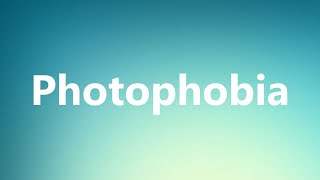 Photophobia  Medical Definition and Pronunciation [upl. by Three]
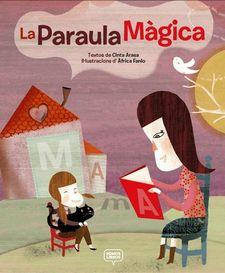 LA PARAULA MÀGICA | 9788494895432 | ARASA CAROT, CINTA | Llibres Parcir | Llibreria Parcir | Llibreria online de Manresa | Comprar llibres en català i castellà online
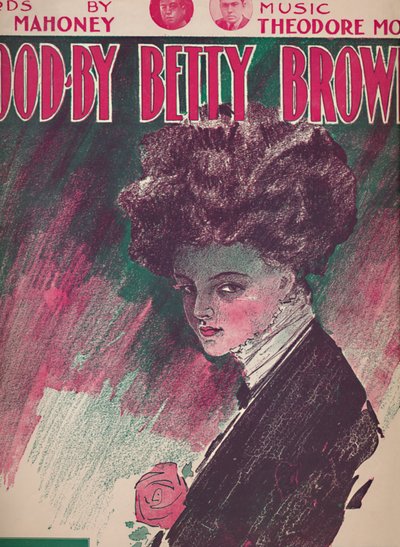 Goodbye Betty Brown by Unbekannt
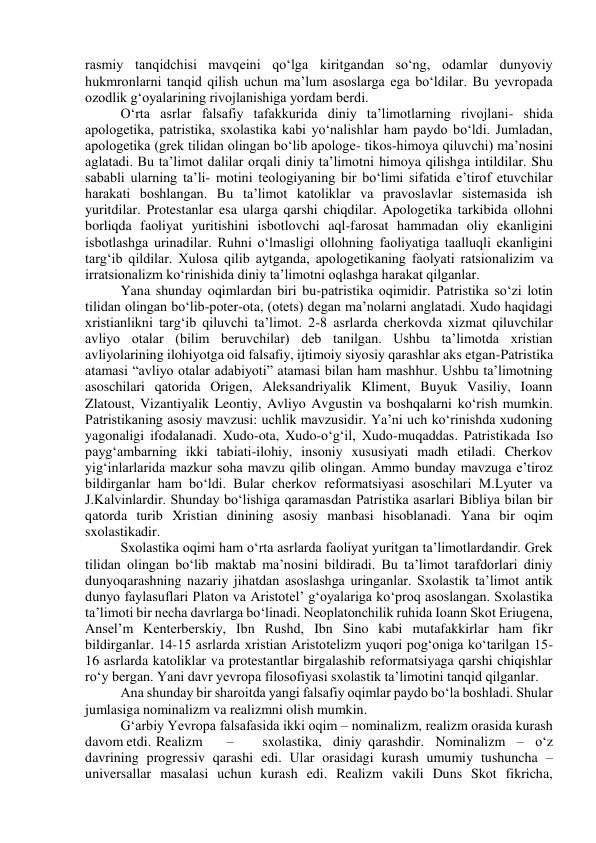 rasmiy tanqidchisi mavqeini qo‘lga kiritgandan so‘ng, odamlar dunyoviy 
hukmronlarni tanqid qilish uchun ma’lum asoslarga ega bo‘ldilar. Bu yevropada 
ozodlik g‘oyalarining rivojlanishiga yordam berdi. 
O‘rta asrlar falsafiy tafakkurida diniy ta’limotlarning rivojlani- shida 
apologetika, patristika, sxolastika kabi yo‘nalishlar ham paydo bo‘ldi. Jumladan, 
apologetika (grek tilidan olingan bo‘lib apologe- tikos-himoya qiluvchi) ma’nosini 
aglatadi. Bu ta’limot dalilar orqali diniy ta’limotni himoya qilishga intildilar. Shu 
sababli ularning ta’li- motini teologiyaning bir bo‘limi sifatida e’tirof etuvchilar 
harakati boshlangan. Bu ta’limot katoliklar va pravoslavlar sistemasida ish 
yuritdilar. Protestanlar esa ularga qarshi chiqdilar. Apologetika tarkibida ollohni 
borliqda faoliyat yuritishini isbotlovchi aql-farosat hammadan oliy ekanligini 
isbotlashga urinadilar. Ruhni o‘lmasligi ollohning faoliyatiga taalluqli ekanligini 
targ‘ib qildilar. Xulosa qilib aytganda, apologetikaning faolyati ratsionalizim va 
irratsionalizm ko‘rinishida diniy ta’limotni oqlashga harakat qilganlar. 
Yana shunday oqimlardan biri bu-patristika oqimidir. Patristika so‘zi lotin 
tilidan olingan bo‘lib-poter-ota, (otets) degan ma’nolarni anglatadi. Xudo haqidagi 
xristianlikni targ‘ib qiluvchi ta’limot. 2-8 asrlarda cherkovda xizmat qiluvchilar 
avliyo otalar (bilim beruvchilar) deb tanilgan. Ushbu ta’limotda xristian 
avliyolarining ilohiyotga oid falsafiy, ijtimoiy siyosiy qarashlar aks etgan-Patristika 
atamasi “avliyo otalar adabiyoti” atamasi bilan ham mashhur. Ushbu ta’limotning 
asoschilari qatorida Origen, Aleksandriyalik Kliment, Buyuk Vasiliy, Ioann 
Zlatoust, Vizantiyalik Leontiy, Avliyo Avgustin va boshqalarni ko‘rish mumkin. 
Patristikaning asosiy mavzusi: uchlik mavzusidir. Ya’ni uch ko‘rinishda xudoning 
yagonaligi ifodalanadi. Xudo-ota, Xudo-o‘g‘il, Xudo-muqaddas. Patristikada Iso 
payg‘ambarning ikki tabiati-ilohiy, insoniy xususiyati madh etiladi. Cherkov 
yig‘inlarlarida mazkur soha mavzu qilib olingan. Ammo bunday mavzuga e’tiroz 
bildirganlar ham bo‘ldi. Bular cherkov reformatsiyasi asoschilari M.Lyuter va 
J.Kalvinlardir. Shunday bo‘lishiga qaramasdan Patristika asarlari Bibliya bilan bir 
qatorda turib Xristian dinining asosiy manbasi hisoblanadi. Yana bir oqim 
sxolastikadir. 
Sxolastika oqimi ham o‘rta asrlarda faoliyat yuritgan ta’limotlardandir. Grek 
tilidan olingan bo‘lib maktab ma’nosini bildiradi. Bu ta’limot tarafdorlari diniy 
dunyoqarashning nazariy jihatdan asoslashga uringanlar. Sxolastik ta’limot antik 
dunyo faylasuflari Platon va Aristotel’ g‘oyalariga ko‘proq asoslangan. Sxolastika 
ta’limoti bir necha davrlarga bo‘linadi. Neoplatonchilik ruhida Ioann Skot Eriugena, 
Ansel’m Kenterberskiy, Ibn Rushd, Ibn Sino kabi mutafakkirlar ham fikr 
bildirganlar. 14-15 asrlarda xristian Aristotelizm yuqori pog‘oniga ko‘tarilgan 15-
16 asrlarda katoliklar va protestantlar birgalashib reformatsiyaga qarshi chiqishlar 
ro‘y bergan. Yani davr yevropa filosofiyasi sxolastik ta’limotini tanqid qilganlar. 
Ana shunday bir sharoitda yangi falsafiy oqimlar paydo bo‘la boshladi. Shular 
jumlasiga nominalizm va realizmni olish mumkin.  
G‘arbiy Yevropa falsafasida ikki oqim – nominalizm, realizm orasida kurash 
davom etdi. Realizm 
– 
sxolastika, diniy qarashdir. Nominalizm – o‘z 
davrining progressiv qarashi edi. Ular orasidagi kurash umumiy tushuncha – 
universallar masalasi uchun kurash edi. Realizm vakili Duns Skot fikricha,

———

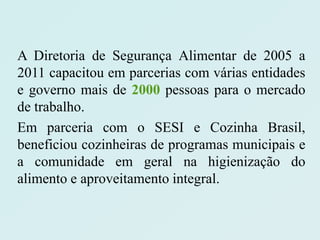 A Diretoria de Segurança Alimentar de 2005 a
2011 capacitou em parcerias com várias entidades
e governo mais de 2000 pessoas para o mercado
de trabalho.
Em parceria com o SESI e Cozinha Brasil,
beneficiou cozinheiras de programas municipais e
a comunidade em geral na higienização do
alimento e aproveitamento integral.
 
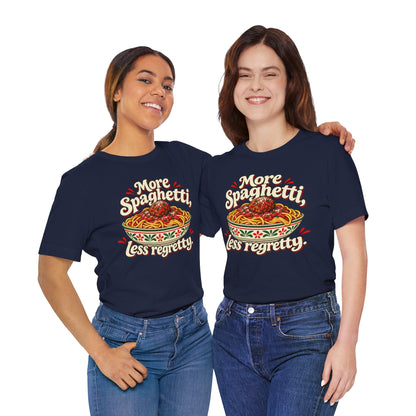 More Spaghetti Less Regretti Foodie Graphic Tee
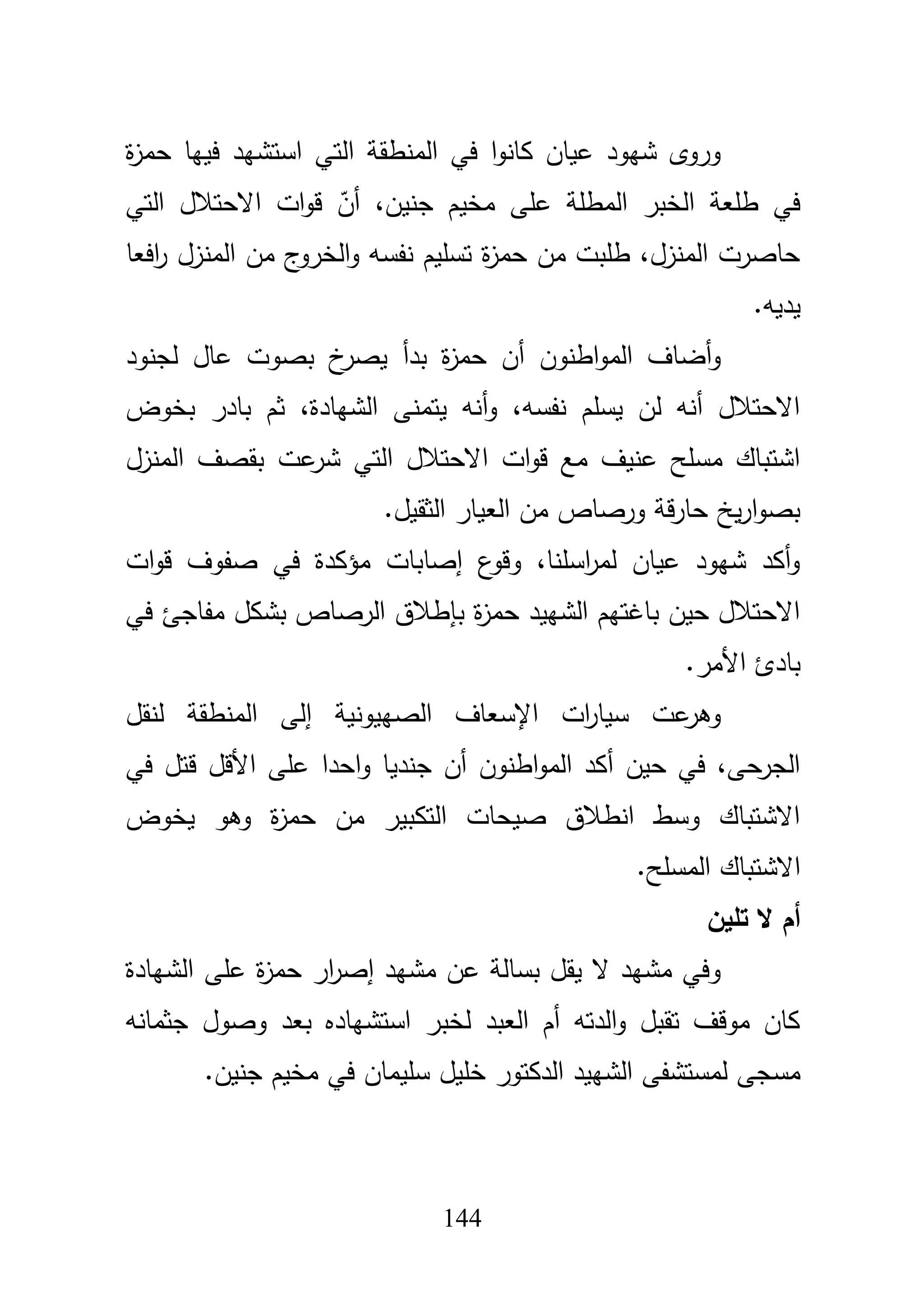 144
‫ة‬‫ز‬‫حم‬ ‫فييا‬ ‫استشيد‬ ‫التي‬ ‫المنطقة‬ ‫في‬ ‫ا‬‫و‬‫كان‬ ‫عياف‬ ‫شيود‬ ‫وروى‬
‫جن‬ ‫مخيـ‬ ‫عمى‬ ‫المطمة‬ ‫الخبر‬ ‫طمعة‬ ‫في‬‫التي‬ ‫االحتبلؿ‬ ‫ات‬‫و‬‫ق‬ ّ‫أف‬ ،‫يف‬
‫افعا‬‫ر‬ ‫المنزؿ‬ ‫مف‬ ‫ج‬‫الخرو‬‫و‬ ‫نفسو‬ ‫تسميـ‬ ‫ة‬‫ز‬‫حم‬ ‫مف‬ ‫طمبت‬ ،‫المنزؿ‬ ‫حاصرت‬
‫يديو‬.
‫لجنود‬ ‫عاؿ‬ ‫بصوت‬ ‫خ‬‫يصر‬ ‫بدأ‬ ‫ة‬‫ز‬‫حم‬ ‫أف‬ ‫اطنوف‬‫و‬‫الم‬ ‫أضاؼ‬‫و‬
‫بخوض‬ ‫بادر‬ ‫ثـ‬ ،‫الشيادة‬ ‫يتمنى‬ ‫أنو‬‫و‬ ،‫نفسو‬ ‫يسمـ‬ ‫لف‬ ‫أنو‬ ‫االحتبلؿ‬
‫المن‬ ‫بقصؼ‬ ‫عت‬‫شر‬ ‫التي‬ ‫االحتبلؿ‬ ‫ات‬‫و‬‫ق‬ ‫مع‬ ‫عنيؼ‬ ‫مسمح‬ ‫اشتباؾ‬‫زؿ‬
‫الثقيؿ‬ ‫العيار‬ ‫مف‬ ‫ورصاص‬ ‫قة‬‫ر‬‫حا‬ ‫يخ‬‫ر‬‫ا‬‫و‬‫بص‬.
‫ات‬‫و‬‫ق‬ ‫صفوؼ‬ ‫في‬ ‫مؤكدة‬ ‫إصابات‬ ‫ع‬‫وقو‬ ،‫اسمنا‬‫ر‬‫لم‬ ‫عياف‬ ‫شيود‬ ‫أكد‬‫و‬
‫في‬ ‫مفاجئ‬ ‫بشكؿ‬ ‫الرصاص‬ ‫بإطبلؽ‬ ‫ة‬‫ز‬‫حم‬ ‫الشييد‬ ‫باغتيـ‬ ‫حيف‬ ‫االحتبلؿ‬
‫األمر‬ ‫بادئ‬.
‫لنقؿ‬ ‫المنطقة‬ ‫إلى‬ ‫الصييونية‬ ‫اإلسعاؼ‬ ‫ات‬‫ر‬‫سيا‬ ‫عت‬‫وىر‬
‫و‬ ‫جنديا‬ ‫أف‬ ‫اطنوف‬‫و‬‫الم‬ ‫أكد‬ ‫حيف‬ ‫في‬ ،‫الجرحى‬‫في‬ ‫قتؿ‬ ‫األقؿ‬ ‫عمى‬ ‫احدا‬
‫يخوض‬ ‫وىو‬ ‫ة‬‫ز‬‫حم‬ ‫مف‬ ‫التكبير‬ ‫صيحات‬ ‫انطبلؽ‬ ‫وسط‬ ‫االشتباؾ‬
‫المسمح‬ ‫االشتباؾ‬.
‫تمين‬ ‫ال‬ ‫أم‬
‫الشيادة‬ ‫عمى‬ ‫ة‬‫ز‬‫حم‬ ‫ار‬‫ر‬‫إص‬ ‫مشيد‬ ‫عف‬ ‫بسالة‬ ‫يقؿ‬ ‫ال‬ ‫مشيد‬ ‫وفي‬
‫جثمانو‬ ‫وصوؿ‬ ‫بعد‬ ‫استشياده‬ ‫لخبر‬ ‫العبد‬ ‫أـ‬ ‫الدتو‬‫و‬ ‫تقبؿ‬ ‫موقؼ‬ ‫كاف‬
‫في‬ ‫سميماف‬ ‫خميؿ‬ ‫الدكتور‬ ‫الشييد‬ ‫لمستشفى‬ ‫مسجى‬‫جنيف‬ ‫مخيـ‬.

———

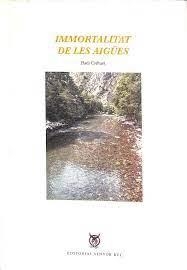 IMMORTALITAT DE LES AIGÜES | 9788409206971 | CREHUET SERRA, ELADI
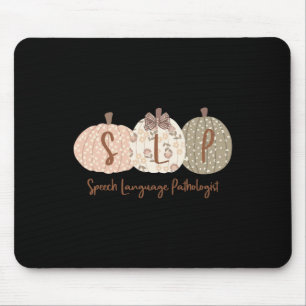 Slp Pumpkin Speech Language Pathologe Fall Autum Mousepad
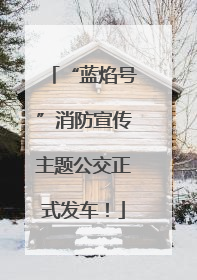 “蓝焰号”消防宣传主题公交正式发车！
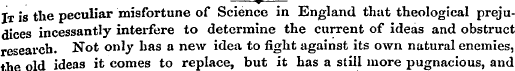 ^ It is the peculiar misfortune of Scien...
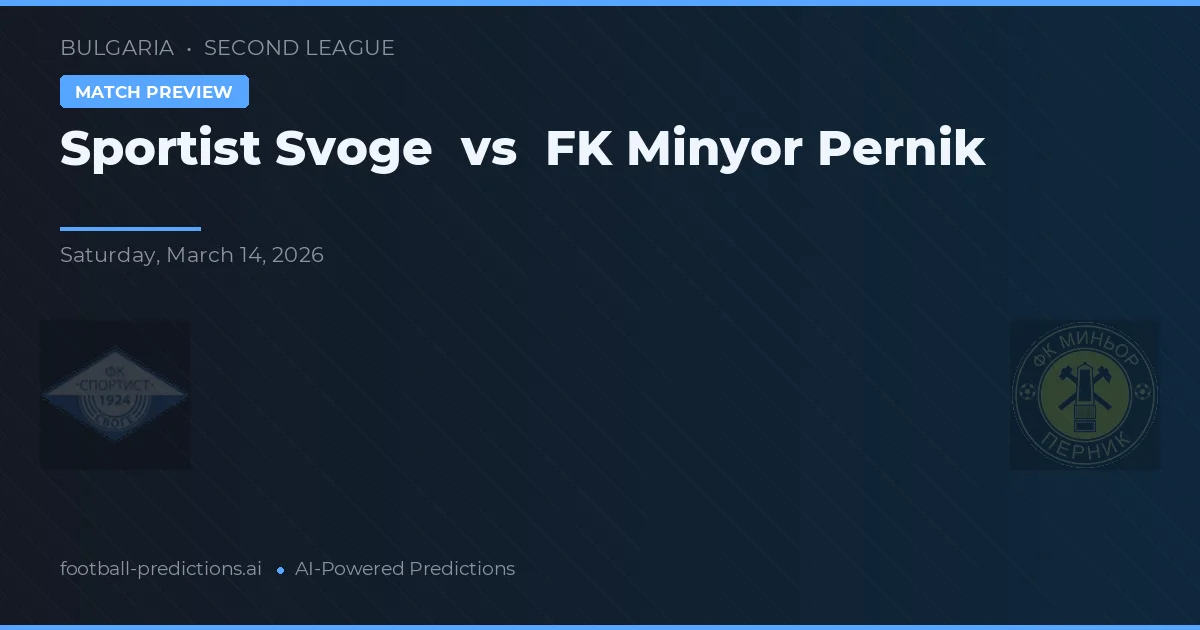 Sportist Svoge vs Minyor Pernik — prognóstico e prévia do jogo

———

Indicate the number of lines in the data above that contain the string "paydo", without any additional text.

2